_WORK INSTRUCTIONS_.
What is needed is a faithful transcription of all the data below, pictures excluded.

_Caption-style text data_.
========

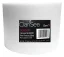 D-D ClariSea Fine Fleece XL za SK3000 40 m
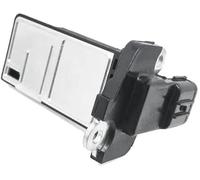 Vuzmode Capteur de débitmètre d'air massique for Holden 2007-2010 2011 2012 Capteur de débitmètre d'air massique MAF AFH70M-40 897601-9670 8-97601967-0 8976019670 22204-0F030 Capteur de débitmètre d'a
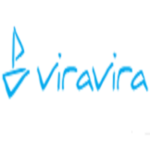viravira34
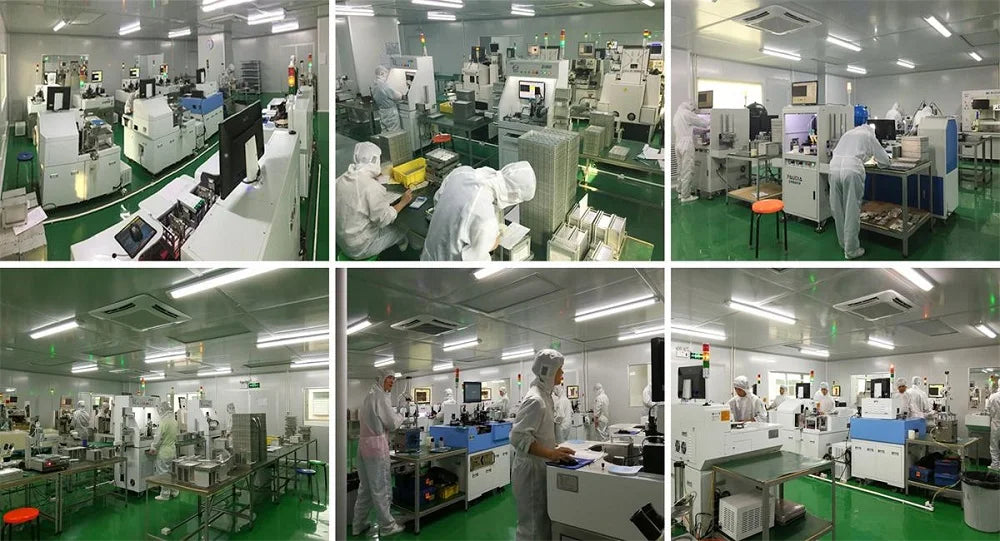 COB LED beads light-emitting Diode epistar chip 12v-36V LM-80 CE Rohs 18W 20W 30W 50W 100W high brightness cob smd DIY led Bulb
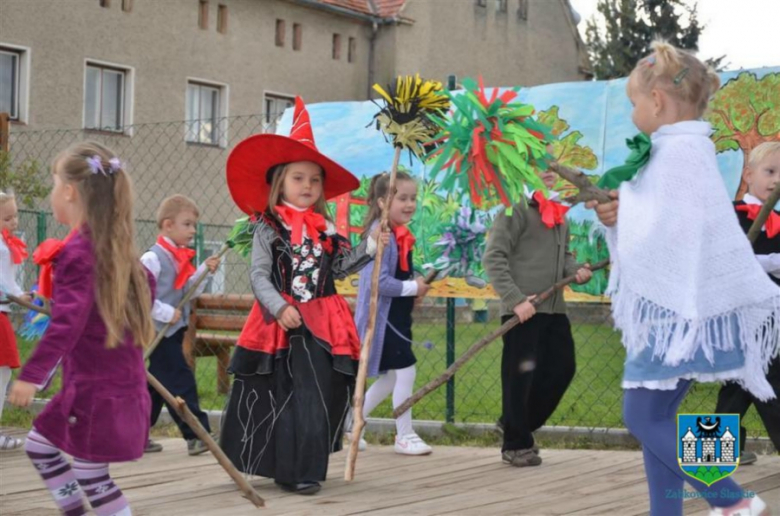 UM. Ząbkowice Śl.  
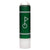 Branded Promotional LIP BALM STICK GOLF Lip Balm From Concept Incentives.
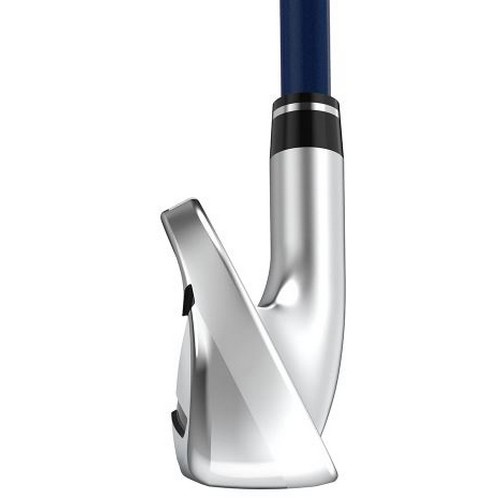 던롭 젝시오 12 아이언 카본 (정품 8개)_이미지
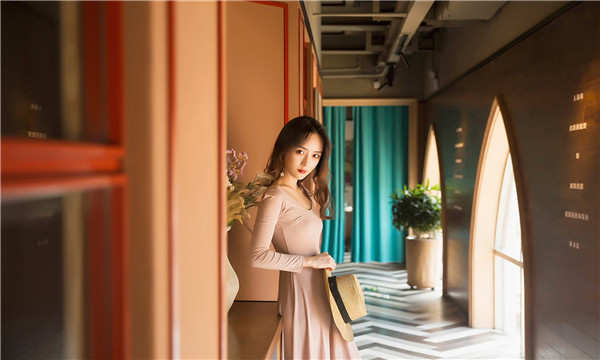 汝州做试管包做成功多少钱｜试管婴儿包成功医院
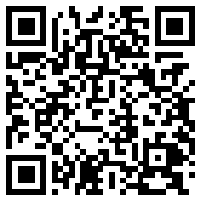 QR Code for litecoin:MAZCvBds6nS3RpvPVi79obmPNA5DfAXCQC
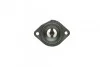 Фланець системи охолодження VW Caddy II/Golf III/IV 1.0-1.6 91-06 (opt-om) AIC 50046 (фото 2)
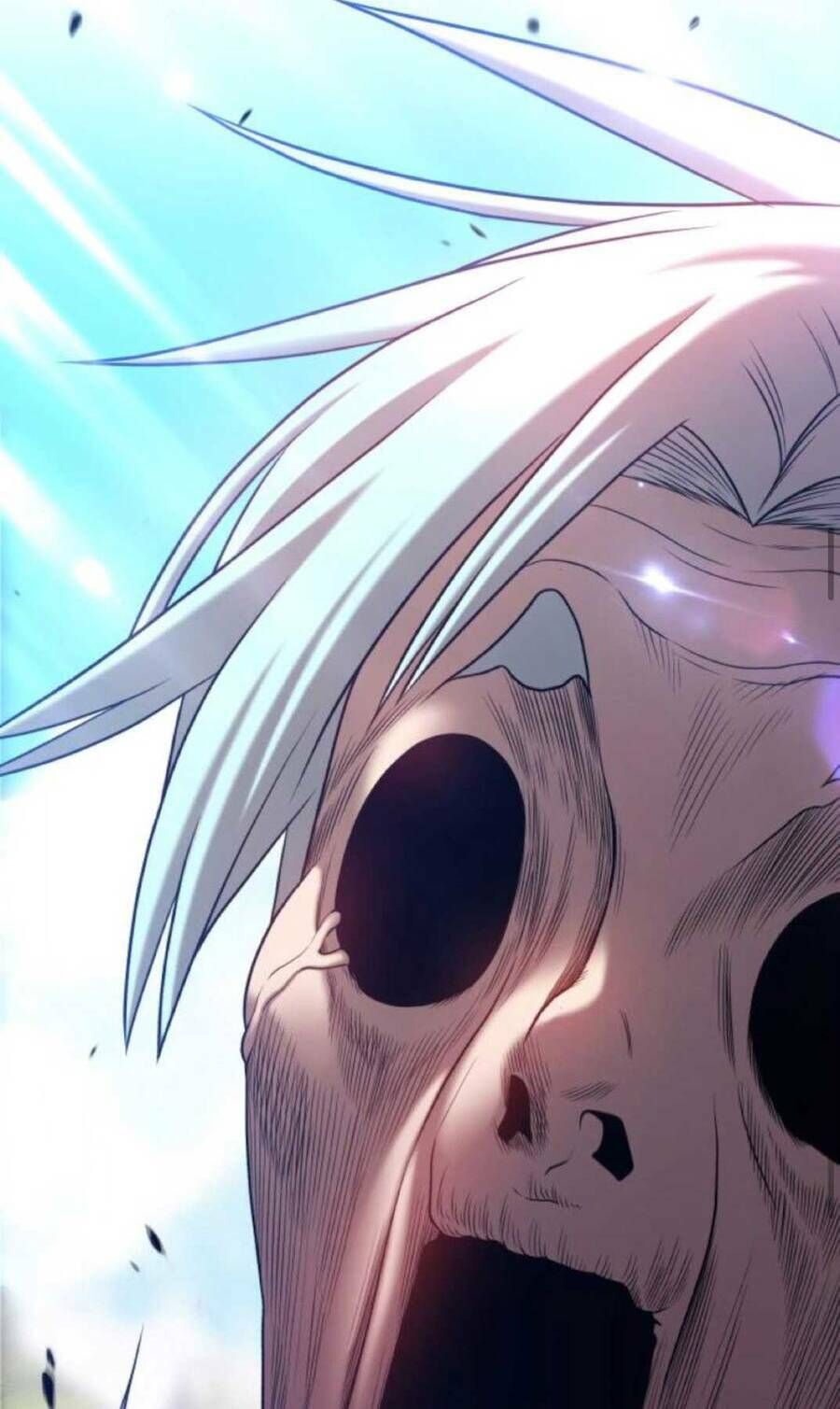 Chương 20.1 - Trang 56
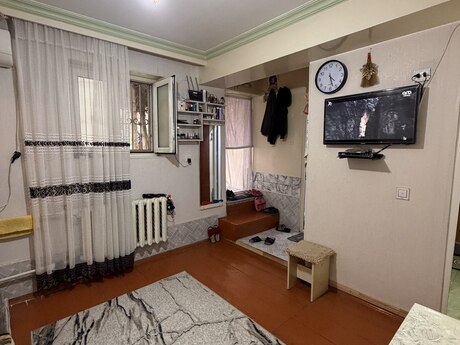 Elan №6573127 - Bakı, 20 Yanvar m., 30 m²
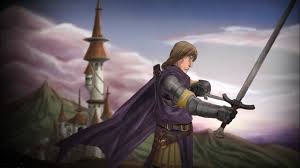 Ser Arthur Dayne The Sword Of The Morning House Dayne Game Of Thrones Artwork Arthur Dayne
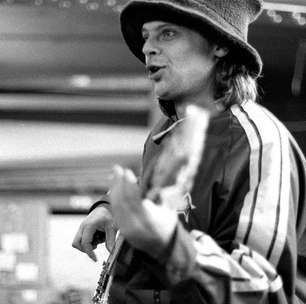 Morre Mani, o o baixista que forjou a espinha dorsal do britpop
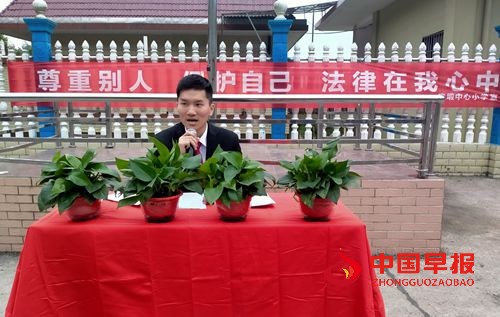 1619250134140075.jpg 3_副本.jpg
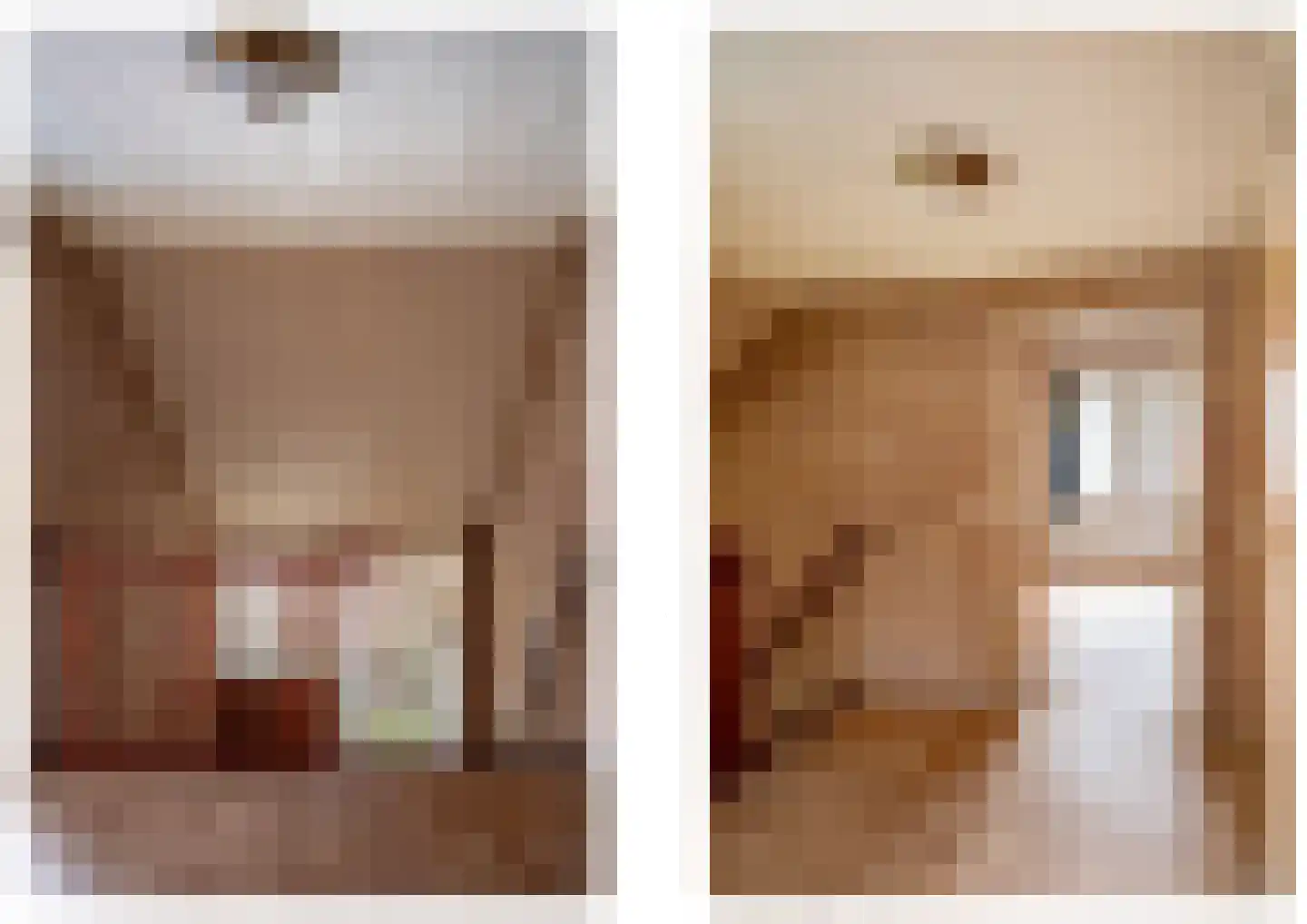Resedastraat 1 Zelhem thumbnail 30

========

_EXERCISE OUTPUT_.
 D-D ClariSea Fine Fleece XL za SK3000 40 m
 Vuzmode Capteur de débitmètre d'air massique for Holden 2007-2010 2011 2012 Capteur de débitmètre d'air massique MAF AFH70M-40 897601-9670 8-97601967-0 8976019670 22204-0F030 Capteur de débitmètre d'a
viravira34
 COB LED beads light-emitting Diode epistar chip 12v-36V LM-80 CE Rohs 18W 20W 30W 50W 100W high brightness cob smd DIY led Bulb
 UM. Ząbkowice Śl.  
 Branded Promotional LIP BALM STICK GOLF Lip Balm From Concept Incentives.
 던롭 젝시오 12 아이언 카본 (정품 8개)_이미지
 汝州做试管包做成功多少钱｜试管婴儿包成功医院
 QR Code for litecoin:MAZCvBds6nS3RpvPVi79obmPNA5DfAXCQC
 Фланець системи охолодження VW Caddy II/Golf III/IV 1.0-1.6 91-06 (opt-om) AIC 50046 (фото 2)
 Chương 20.1 - Trang 56
 Elan №6573127 - Bakı, 20 Yanvar m., 30 m²
 Ser Arthur Dayne The Sword Of The Morning House Dayne Game Of Thrones Artwork Arthur Dayne
 Morre Mani, o o baixista que forjou a espinha dorsal do britpop
 1619250134140075.jpg 3_副本.jpg
Resedastraat 1 Zelhem thumbnail 30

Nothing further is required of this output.